Joao : Nous sommes meilleurs que nous ne l’avons jamais été, car après un E.P et deux albums, nous avons finalement assez de chansons pour créer une excellente setlist et nous exprimer sincèrement en «live». Aujourd’hui, chaque minute d’un show est essentielle. Jusqu’à présent nous n’avions pas développé notre personnalité, défini qui nous étions en temps que groupe avant de monter sur scène. Maintenant après l’enregistrement d’albums, les interviews, et les tournées, c’est chose faite.
Kalaf : On reste malgré tout très spontanés. Tout est très organique. On essaye de coller à l’audience en déclinant nos morceaux avec différents arrangements. Moins il y a de vide et plus près du public nous sommes ! C’est pourquoi nous pourrions jouer l’intégralité d’un show sans coupure.
Joao : La spontanéité vient également des émotions que suscitent en nous ces morceaux. Lorsque tu te sens bien en jouant, tu ne peux que transmettre quelque chose d’authentique, de vrai. Ce qui revient principalement lorsque l’on parle à notre public est : « c’est bon de vous voir vous amuser sur scène les gars.» Il y a tellement de groupes qui semblent si tendus, si prévisibles. Nos performances sont surprenantes parce qu’on s’éclate ! Bien évidemment, après 2 ans à jouer le même album, il était temps d’en faire un nouveau.
Pourriez-vous nous donner une de vos sélections secrètes d’artistes d’ici et d’ailleurs ?

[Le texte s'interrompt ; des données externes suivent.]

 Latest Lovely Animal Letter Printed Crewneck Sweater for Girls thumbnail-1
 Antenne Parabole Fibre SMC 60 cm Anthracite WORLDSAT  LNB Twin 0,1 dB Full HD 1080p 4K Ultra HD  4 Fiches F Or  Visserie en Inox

From LISBON : Diamond Bass _ Lwanda
From ANGOLA : DJ Znobia _ Me Bate
From NIGERIA : KAS _ Whine for me
From VENEZUELA : Pacheko & Pocz _ Tuki Love
Que puis-je vous souhaitez ?
Kalaf : De voyager en première classe !
Si j’étais Buraka Som Sistema, quelle question me poseriez-vous ?
Joao : Je connais tout de vous ! «I’m your number one FAN !!!»